You are entitled to protect, or exempt, certain property. If all of your property and income is protected, you will not lose any of your property in the bankruptcy. Your bankruptcy would then be called a no-asset bankruptcy. Depending on how long you have lived in Oregon you may use either the Oregon exemptions or the exemptions included in the Bankruptcy Code. These are often called the federal exemptions. For instance, under the Oregon exemptions some of the property that is exempt includes your interest in a car up to a value of $3,000, household furnishings up to $3,000, clothes and musical instruments up to $,1,800, the federal earned income tax credit, a certain portion of wages, almost all government benefits, some bank account balances and possibly the equity in your home, depending on the amount. The federal exemptions generally give you much greater exemptions, particularly if you do not have equity in a home.
Before you can file bankruptcy, you must complete a credit counseling course. This course can be completed on the Internet or by telephone. Depending on your financial situation, you may have to pay a small fee. Once you complete the course, you will receive a certificate of completion, which is valid for 180 days. After you complete the course, you or your attorney prepare paperwork including descriptions of what you own, the property that you want to exempt, the names and addresses of your creditors and the amounts you owe, your current income and expenses, a statement concerning your financial affairs and a statement of what you intend to do with the property you used as collateral to secure consumer debts. You must include all of the creditors that you know about, including friends and relatives and those creditors you want to pay. You can find many of your creditors on your credit report. You can get a free copy of your credit report once each 12 months from Equifax, Experian and TransUnion. You can get your credit reports at www.annualcreditreport.com. It is good idea to print and save each report for future use. You do not need to get all three credit reports at the same time.
Again, you must include in your bankruptcy all of your creditors, including debts owed to friends and relatives, debts that are not dischargeable, debts for which you are current, and debts that you do not want to discharge.

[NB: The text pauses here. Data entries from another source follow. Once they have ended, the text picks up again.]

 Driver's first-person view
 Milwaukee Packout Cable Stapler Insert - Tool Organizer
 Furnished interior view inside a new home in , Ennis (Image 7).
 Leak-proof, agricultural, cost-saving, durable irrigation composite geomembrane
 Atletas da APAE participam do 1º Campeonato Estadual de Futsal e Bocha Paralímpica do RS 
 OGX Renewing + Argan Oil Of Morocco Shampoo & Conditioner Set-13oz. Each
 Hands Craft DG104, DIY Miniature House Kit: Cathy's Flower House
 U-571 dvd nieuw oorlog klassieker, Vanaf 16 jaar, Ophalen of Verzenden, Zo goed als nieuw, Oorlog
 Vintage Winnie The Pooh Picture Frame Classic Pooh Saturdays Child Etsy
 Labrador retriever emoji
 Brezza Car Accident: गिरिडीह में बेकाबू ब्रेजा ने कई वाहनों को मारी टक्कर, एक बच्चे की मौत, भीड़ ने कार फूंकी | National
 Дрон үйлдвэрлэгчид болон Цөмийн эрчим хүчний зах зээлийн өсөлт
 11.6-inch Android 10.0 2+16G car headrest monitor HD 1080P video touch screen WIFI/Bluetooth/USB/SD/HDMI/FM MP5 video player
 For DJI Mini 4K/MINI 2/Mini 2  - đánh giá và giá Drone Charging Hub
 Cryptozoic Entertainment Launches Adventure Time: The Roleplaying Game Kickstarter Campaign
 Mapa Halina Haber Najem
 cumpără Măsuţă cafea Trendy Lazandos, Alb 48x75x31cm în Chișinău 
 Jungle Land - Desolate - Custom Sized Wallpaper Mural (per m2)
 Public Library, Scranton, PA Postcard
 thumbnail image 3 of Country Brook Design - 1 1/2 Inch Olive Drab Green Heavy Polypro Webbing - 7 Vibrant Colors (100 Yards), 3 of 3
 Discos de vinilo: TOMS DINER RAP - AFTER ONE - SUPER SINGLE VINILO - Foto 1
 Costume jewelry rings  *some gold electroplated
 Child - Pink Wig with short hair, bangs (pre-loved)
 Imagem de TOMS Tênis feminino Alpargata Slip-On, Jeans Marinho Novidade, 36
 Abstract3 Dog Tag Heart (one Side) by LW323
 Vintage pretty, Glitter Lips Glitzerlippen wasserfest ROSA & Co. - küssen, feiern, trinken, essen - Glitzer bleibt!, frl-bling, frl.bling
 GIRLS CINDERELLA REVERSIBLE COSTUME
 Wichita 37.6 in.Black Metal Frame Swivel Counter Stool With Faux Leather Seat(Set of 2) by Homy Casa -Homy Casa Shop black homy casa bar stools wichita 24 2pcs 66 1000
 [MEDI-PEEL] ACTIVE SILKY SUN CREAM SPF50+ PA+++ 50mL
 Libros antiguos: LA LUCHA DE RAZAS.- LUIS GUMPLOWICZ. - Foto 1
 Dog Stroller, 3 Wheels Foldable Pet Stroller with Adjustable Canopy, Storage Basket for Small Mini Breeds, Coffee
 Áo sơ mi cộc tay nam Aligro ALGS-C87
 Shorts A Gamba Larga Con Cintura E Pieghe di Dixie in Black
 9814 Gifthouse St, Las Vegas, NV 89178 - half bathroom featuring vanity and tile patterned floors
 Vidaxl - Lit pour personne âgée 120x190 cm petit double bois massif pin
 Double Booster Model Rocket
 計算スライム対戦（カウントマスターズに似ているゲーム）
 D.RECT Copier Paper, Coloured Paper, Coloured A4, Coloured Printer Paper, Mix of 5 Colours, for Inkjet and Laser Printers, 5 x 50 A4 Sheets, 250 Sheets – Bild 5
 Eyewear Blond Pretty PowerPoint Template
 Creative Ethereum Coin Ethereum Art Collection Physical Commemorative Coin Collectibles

All of your information must be prepared on forms that have been approved by the court. You must file the forms with the United States Bankruptcy Court, along with the certificate of completion of the credit counseling course. You must also pay a filing fee, which is $335 at the time of this writing. (Note that the filing fee amount changes periodically.) Under some circumstances, if you cannot afford to pay the fee, as part of your petition you can ask the court for a waiver of the fee. If you are not eligible for a waiver of the fee, you may always pay the filing fee in three installments over 90 days after filing. In that event you would not need to pay any fee at the time you file your bankruptcy.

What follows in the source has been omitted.